ASSIGNED TASK => Since only the written part is wanted, repeat the records exactly and omit the pictures.

── DATA EXTRACTS ──

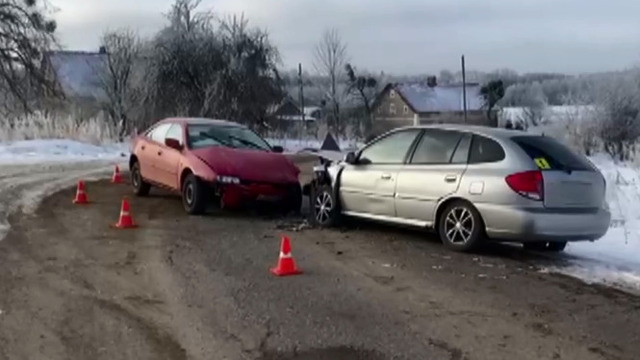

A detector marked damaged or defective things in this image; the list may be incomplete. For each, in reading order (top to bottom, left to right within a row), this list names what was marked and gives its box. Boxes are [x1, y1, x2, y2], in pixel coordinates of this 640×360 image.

detached car part on road [129, 117, 302, 214]
crumpled hood [190, 147, 300, 184]
detached car part on road [308, 125, 612, 252]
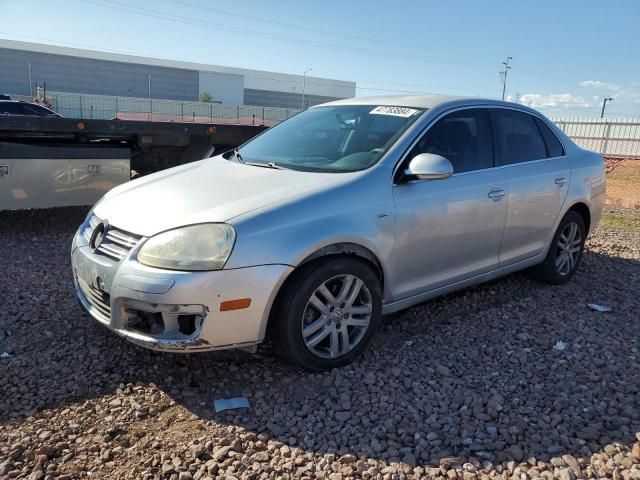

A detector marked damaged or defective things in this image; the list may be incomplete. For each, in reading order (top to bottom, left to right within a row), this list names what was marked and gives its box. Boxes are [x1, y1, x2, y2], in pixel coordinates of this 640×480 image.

───

ANSWER SPACE =>
A detector marked damaged or defective things in this image; the list may be incomplete. For each, in reading order (top to bottom, left to right within a row), this list names what was marked and gives its box. Boxes are [x1, y1, x2, y2], in pixel coordinates of this 640×360 image.

detached car part on road [129, 117, 302, 214]
crumpled hood [190, 147, 300, 184]
detached car part on road [308, 125, 612, 252]

A detector marked damaged or defective things in this image; the list may be incomplete. For each, in reading order (top to bottom, left to right within a row), this list names what was marked and gives its box. Boxes are [x1, y1, x2, y2], in pixel coordinates of this 640×480 image.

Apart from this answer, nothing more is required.